# Problem jumping at windows



## LindsayJ (Apr 20, 2009)

Problem jumping at the windows.

I just adopted a 3 yr old GSD who is neutered 3 weeks ago. 
I would welcome advice on how to get Hunker to not jump on the sofa and mangle the blinds at the window when I am not home. I have a small living room and moving the sofa away from the windows is not an option. The warm weather is coming and soon the windows will be open and I don't want him going through the screens. He had this problem with his previous family, I don't want to crate him while at work as his behavior in the house has been fine, except for the windows. He does not do this when we are home, he does not attempt to go up on the furniture as I have let him know that is not acceptable from day 1 and he was quick to lie on the dog beds instead.


----------



## BowWowMeow (May 7, 2007)

I would crate him or contain him to a room without windows. The only other option is to block off the windows. I did have this problem with Basu and ended up completely blocking off the window sill and that solved the problem. 
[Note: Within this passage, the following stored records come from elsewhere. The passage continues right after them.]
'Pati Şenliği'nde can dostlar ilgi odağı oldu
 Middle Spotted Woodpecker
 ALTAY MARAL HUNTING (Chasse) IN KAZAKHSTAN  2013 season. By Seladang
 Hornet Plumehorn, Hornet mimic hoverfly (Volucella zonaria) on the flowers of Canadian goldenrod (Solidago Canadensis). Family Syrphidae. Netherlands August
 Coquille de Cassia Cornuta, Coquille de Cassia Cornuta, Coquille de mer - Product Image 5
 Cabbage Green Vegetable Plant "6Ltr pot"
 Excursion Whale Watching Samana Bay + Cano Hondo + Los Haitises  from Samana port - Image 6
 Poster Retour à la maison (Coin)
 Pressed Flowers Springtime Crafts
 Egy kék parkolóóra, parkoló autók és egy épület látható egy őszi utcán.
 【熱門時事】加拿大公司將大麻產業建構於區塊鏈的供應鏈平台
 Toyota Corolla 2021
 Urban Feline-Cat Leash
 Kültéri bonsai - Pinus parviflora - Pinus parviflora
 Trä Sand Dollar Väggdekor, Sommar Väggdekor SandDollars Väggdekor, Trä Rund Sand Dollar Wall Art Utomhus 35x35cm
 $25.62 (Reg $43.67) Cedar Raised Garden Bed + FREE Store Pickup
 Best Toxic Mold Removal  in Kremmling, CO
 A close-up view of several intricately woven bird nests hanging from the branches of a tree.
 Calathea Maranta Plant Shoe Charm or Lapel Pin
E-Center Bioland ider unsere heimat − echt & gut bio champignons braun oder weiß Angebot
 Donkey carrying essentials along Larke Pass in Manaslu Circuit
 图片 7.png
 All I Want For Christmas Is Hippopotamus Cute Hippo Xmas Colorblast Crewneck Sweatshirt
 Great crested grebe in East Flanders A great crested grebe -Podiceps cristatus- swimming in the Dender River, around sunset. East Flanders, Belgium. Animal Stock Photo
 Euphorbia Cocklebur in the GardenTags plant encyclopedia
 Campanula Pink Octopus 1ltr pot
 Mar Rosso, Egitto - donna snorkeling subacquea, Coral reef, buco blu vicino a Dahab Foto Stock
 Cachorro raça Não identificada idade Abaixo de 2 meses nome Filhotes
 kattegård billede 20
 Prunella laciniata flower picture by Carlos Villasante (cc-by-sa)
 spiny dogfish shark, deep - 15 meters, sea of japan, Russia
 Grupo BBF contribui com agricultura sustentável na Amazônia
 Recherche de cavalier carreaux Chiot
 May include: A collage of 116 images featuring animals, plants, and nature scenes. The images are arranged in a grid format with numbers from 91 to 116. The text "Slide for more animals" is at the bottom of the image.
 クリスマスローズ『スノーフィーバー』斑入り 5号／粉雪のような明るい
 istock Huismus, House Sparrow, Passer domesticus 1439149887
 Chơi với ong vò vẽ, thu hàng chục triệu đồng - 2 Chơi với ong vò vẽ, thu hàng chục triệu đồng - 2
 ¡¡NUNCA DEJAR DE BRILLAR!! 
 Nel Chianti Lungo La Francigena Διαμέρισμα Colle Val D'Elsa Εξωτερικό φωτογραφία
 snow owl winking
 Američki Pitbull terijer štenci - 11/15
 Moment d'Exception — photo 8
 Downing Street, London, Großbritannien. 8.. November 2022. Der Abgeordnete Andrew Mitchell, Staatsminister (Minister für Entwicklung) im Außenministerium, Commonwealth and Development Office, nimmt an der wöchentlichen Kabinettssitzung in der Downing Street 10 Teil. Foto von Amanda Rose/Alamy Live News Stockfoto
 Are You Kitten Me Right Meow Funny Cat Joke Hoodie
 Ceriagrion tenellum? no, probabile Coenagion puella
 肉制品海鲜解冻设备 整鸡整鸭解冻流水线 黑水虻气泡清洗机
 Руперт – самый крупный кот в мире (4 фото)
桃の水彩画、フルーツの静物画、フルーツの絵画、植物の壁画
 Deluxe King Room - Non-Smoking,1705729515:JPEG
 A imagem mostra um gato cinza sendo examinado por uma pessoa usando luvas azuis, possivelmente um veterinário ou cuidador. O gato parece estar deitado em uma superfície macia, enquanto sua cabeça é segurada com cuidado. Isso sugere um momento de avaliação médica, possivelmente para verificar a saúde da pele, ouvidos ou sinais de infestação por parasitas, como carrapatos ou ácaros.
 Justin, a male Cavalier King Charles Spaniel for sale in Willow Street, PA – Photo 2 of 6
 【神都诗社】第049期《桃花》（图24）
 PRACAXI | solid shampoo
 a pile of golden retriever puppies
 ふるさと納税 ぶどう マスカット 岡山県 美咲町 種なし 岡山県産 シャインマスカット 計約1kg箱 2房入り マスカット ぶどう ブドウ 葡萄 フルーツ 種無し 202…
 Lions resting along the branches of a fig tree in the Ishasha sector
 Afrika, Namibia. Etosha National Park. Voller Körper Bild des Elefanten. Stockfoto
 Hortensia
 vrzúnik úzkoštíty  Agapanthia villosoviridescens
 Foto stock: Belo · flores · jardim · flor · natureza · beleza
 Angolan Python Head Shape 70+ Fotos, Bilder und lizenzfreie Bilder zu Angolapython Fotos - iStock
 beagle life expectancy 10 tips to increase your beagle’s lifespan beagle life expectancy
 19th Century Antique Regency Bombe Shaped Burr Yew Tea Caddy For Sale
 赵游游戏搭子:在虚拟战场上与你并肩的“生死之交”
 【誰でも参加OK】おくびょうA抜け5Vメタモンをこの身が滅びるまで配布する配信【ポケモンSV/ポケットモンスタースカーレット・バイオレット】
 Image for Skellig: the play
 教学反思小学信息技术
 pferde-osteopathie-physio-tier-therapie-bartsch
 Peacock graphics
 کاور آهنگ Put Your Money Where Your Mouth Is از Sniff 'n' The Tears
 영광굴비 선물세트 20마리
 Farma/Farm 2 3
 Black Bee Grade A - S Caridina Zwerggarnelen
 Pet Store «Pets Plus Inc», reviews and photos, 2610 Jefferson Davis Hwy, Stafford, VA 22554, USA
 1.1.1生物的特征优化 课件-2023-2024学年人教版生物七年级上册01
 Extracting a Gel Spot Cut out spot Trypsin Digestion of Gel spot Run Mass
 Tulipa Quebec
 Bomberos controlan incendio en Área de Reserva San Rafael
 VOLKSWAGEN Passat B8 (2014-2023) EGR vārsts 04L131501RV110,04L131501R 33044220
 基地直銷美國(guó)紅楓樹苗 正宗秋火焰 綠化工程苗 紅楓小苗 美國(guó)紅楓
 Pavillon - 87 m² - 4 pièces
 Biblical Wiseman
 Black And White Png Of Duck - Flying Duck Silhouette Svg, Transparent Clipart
If that is not an option then please safely contain him elsewhere so that he does not hurt himself.


----------



## weber1b (Nov 30, 2008)

I would crate him until he settles down. It is for his safety.


----------



## LindsayJ (Apr 20, 2009)

Thanks for the advice. 
I live in a small bungalow which is windows all around and they are low. He only does it on the front facing windows by getting on the sofa. We don't have any rooms without windows. I was hoping someone may have used a technique that discouraged their dog from doing this. I may have to crate him as last resort.


----------